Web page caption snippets
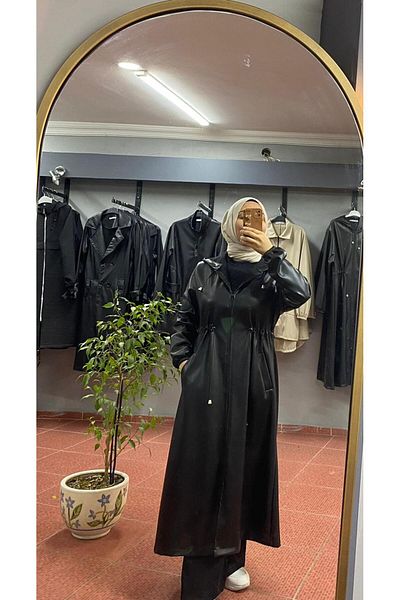 VERART Leather Jacket with Long Hood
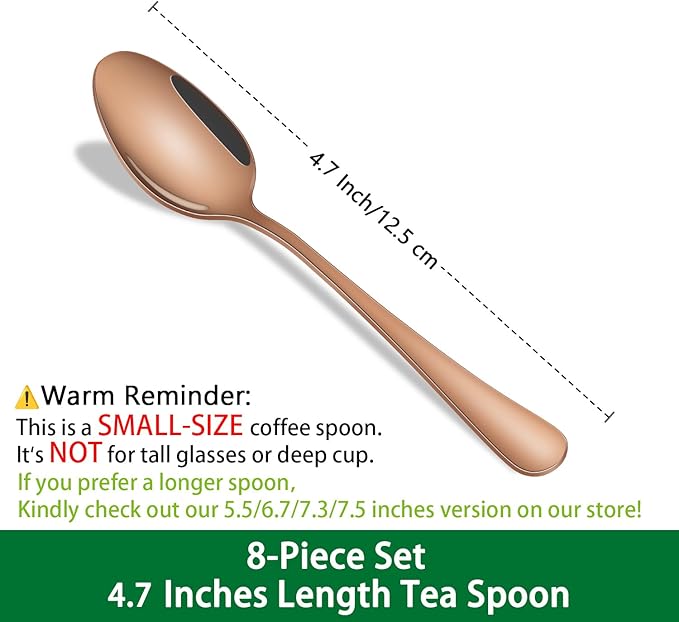 4.7 Inch Coffee Spoon,8 Pieces Rose Gold Stainless Steel Teaspoon Set,Mini Espresso Spoons,Copper Tea Spoon,Copper Seasoning Spoons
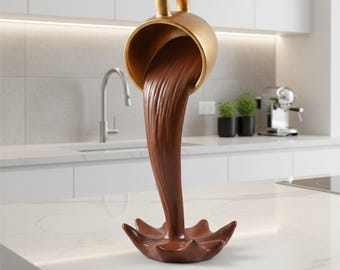 3D Printed Pouring Coffee Sculpture STL – Kitchen Decor (Digital Download + Guide)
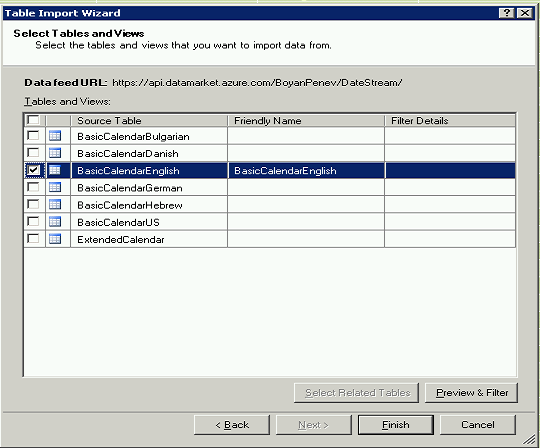 Selecting the table to import from the Azure DataMarket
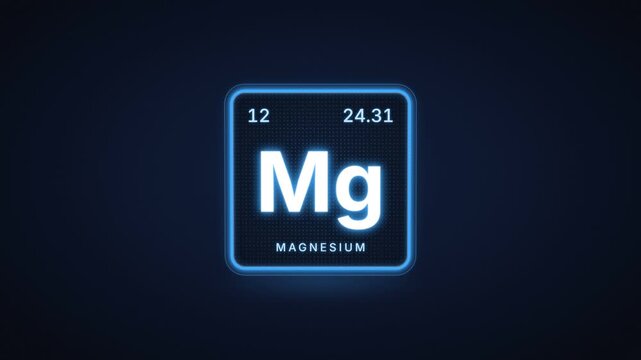 Magnesium chemical element periodic table tile with atomic number 12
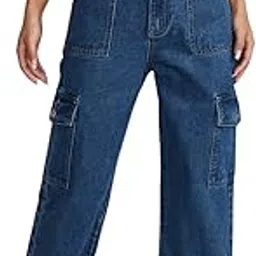 Women Beautiful & Comfortable Non Strachable Casual High-Waisted Cargo Jeans with 6 Pockets Denim Pants Wide Leg Straight Trousers for Women Girls-image-0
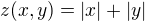$z(x,y)=|x|+|y|$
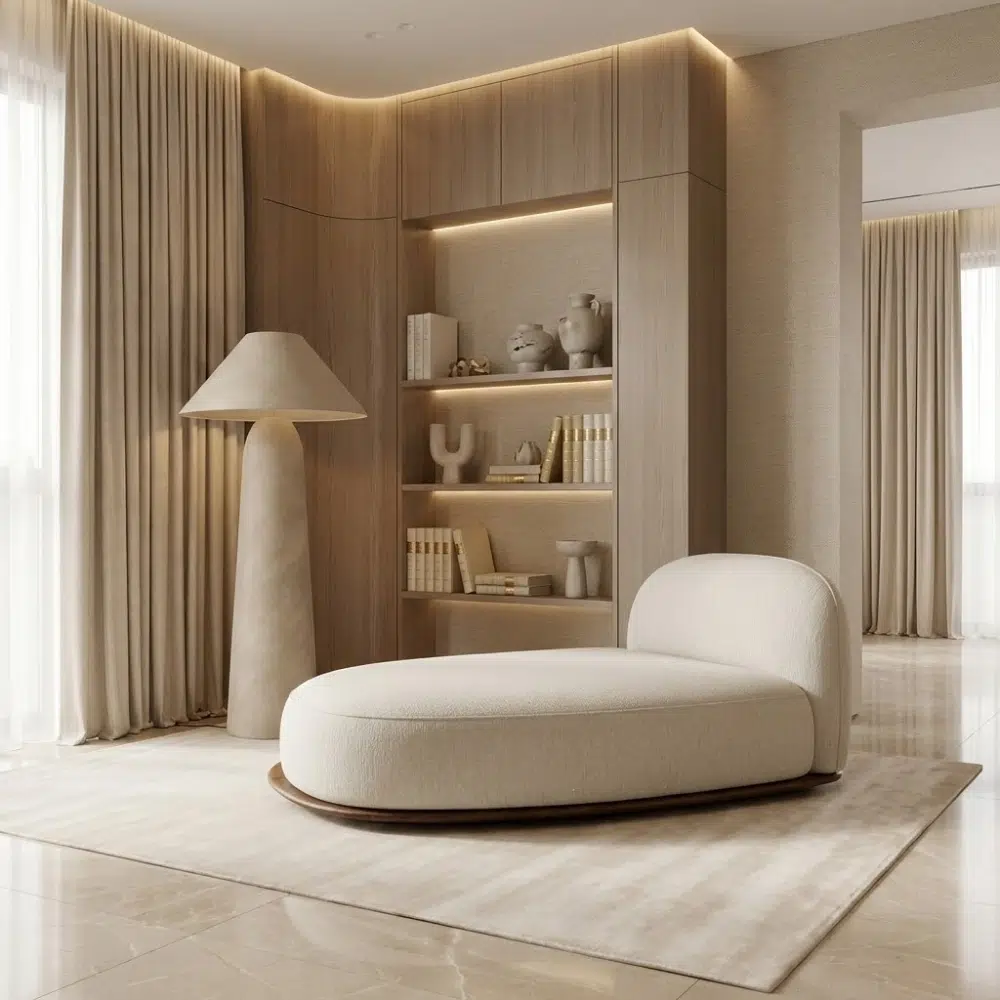 Calma Wood Base Modern Chaise Lounge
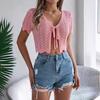 Women Crochet Tops Short Sleeve Lace-up Hollow Design Knitting Tops Sun Protection Summer Vacation Tops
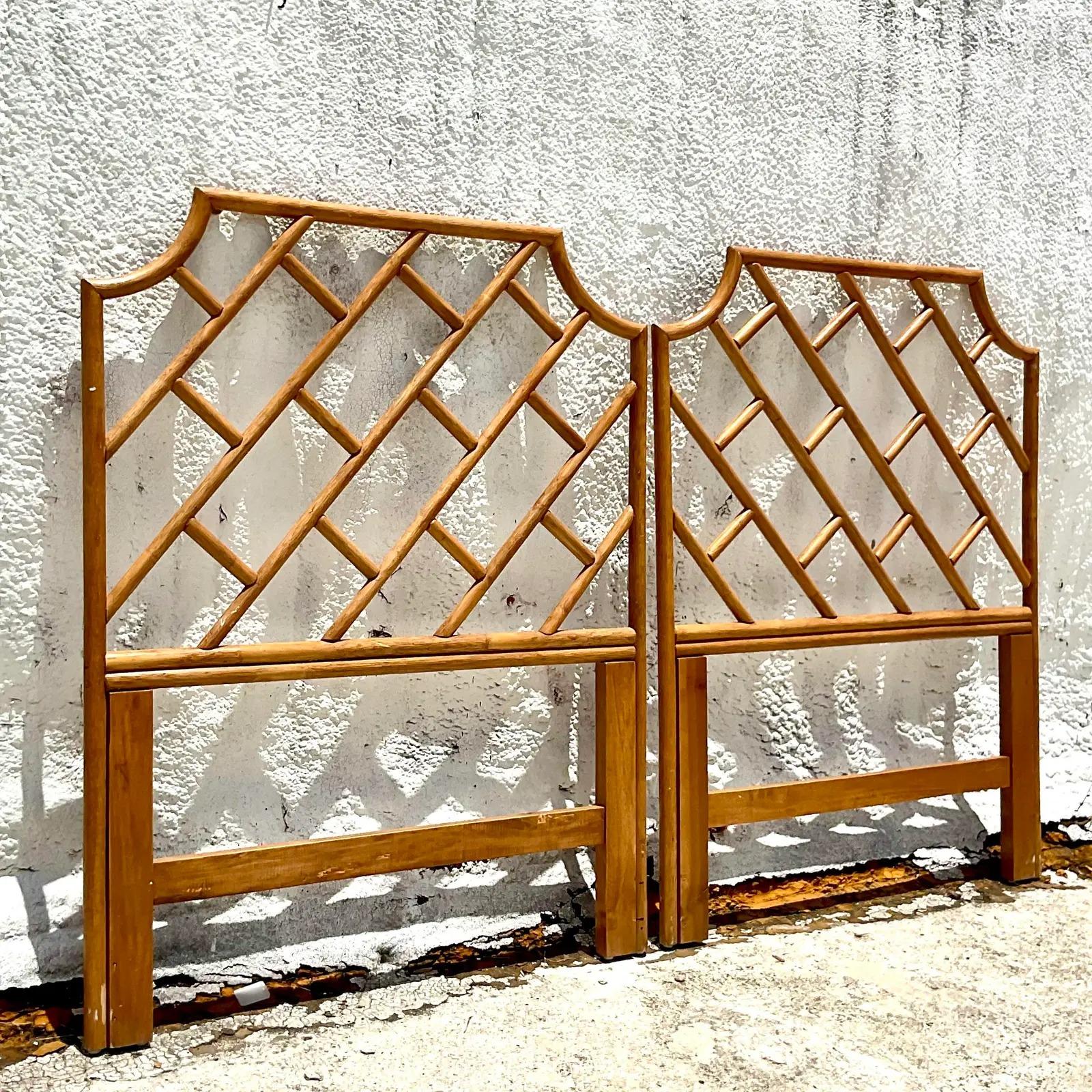 20th Century Vintage Coastal Rattan Chinese Chippendale Twin Headboards, a Pair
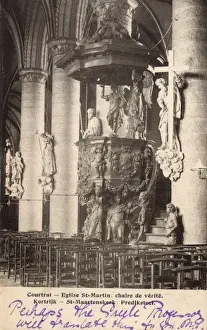 Piers Prints: Pulpit in the church of St Martin, Courtrai, Belgium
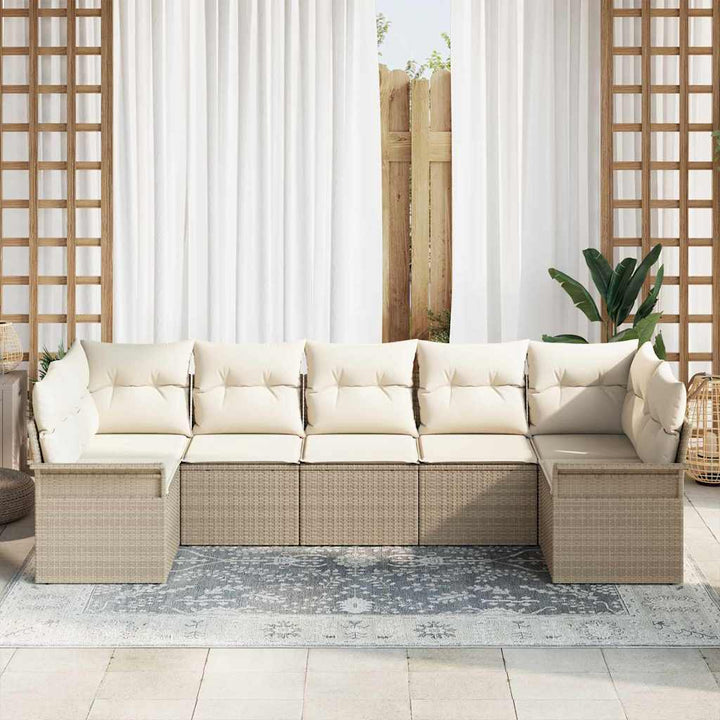Havesofa Sæt med pude med opbevaring 7 pcs Beige Poly rattan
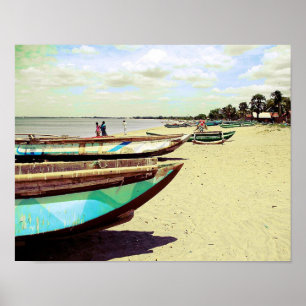 Boat op tropisch strand poster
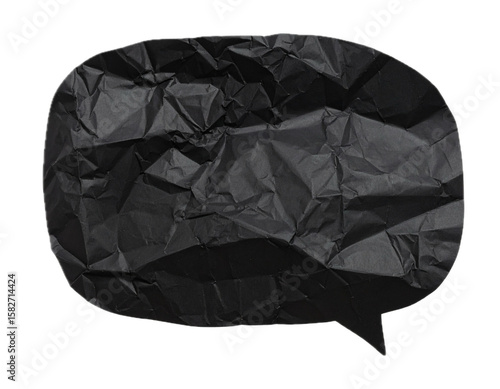 Black speech bubble crumpled paper isolated on transparent background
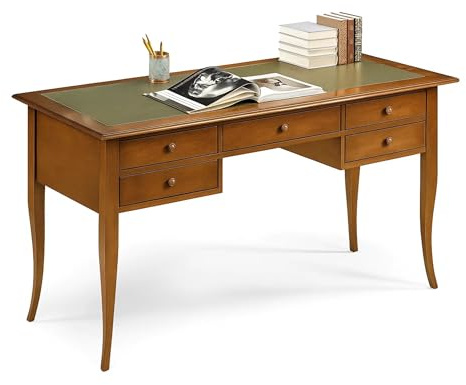 Schreibtisch mit Einsatz aus Leder in dunklem Nussbaum-Finish, verschiedene Größen (150 x 65 x 81 cm)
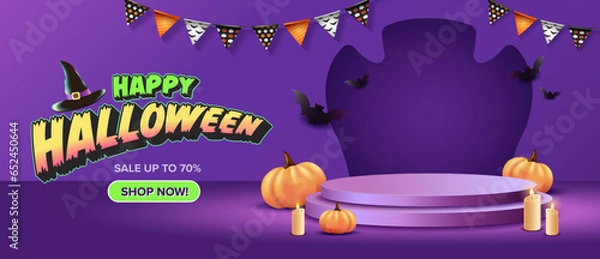 Obraz Happy Halloween Banner Promotion Poster template of 3D illustration with pumpkin on treat or trick fantasy fun party celebration purple background design.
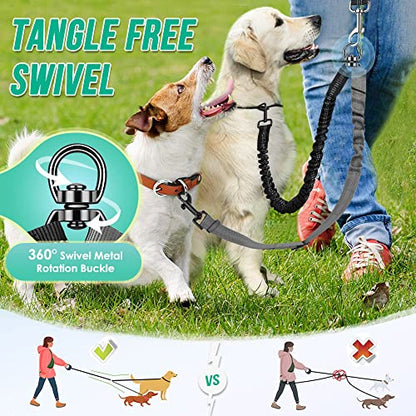 AUTOWT Two Dog Lead, 2 in 1 Upgraded Double Dog Leash Attachment Combine Adjustable Strap and Shock Absorbing Bungee No Tangle Dual Training Splitter for Medium Large Dogs (Black & Grey) - color: Black & Grey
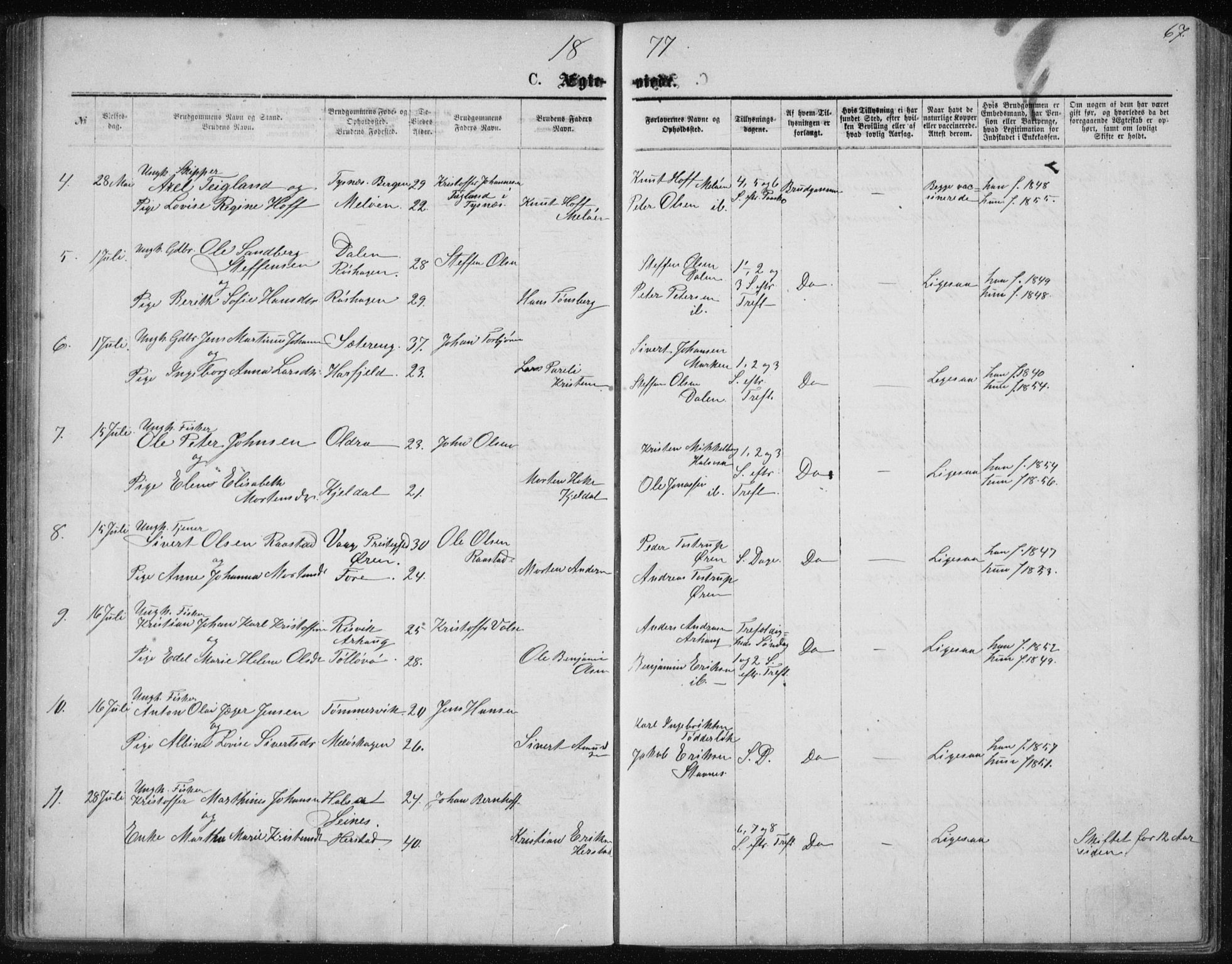 Ministerialprotokoller, klokkerbøker og fødselsregistre - Nordland, SAT/A-1459/843/L0635: Parish register (copy) no. 843C04, 1872-1887, p. 67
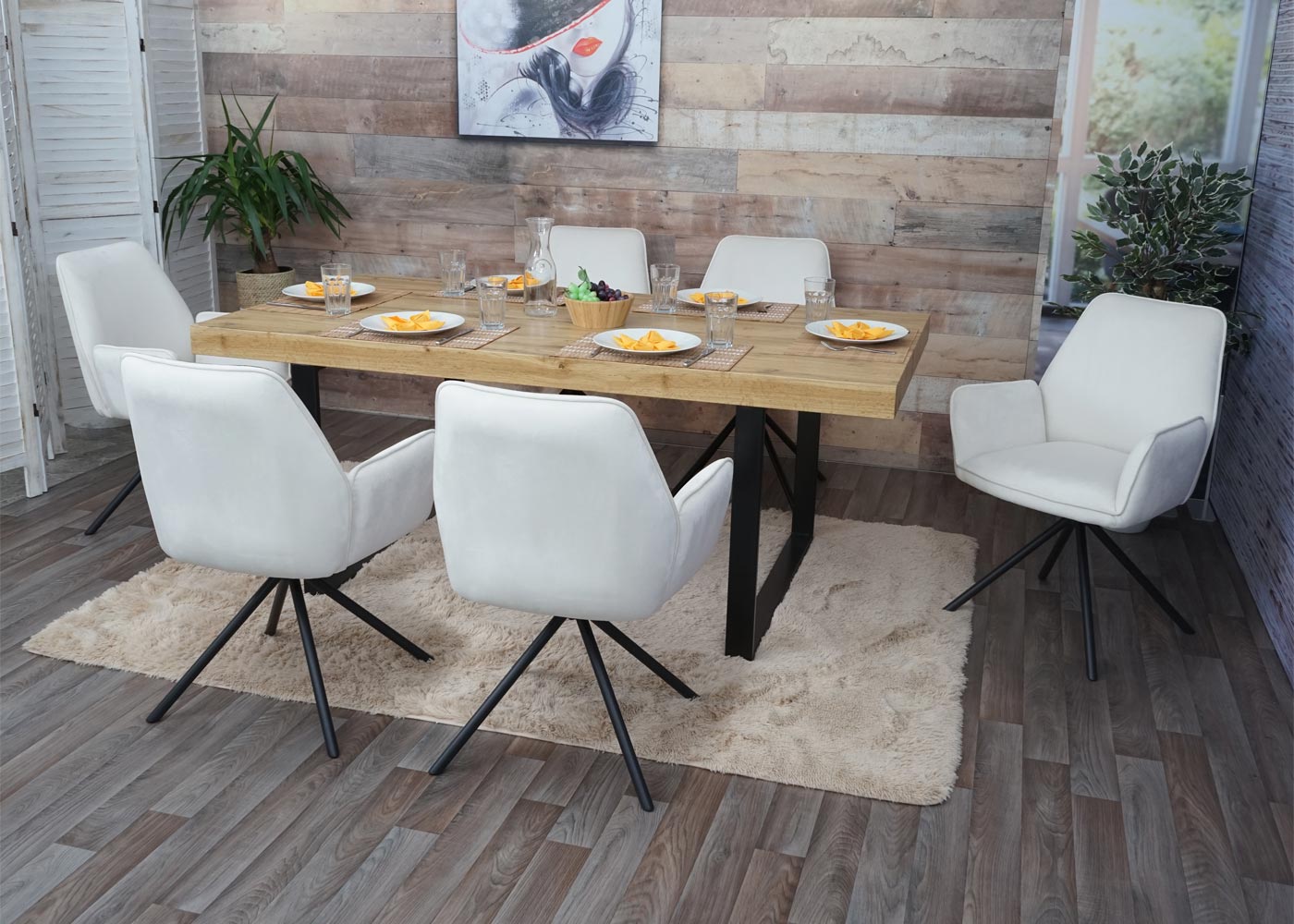 Cosmo Casa - Eetkamerstoel - Draaistoel met Armleuningen - Fluweel - Crèmebeige - Zwarte Poten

* [Brief]: Your task is to return the entries above exactly, with no pictures.

* [Task solution]:
 VERART Leather Jacket with Long Hood
 4.7 Inch Coffee Spoon,8 Pieces Rose Gold Stainless Steel Teaspoon Set,Mini Espresso Spoons,Copper Tea Spoon,Copper Seasoning Spoons
 3D Printed Pouring Coffee Sculpture STL – Kitchen Decor (Digital Download + Guide)
 Selecting the table to import from the Azure DataMarket
 Magnesium chemical element periodic table tile with atomic number 12
 Women Beautiful & Comfortable Non Strachable Casual High-Waisted Cargo Jeans with 6 Pockets Denim Pants Wide Leg Straight Trousers for Women Girls-image-0
$z(x,y)=|x|+|y|$
 Calma Wood Base Modern Chaise Lounge
 Women Crochet Tops Short Sleeve Lace-up Hollow Design Knitting Tops Sun Protection Summer Vacation Tops
 20th Century Vintage Coastal Rattan Chinese Chippendale Twin Headboards, a Pair
 Piers Prints: Pulpit in the church of St Martin, Courtrai, Belgium
Havesofa Sæt med pude med opbevaring 7 pcs Beige Poly rattan
 Boat op tropisch strand poster
 Black speech bubble crumpled paper isolated on transparent background
 Schreibtisch mit Einsatz aus Leder in dunklem Nussbaum-Finish, verschiedene Größen (150 x 65 x 81 cm)
 Obraz Happy Halloween Banner Promotion Poster template of 3D illustration with pumpkin on treat or trick fantasy fun party celebration purple background design.
 AUTOWT Two Dog Lead, 2 in 1 Upgraded Double Dog Leash Attachment Combine Adjustable Strap and Shock Absorbing Bungee No Tangle Dual Training Splitter for Medium Large Dogs (Black & Grey) - color: Black & Grey
 Ministerialprotokoller, klokkerbøker og fødselsregistre - Nordland, SAT/A-1459/843/L0635: Parish register (copy) no. 843C04, 1872-1887, p. 67
 Cosmo Casa - Eetkamerstoel - Draaistoel met Armleuningen - Fluweel - Crèmebeige - Zwarte Poten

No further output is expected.